- Goal of the exercise -
Every line of the records that contains the string "Blot" counts once; give the total and nothing else.

+++ Exercise materials +++

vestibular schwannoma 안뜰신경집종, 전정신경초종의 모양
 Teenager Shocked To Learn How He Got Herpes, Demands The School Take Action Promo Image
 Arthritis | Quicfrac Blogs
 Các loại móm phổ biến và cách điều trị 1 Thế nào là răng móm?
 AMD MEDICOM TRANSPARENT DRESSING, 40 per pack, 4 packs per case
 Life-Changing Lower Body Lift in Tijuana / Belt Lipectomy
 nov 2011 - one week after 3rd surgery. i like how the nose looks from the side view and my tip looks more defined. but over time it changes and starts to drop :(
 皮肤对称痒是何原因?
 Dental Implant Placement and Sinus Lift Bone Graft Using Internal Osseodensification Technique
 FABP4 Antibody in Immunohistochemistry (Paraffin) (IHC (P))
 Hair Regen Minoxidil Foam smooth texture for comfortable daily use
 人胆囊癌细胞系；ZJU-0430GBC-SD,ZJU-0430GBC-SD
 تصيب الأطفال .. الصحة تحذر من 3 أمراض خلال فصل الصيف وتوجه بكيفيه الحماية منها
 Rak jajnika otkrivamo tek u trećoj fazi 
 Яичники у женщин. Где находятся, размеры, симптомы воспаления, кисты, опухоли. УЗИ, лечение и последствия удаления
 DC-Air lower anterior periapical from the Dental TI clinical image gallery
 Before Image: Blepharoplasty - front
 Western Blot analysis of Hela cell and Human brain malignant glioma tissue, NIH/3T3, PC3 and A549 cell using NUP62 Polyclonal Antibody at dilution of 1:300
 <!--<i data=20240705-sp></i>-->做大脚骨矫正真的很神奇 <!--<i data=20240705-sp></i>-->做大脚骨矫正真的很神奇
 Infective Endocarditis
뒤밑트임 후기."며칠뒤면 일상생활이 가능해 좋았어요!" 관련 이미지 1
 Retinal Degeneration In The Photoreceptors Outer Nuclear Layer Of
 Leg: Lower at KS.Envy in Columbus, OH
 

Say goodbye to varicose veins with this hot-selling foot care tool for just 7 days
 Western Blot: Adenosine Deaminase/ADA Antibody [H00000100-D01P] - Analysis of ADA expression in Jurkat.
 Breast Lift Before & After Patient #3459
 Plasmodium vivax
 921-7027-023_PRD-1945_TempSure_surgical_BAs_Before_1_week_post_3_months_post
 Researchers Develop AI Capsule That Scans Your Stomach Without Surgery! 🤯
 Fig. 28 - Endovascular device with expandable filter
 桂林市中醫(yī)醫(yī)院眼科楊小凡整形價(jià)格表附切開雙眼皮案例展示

+++

- Completed task -
2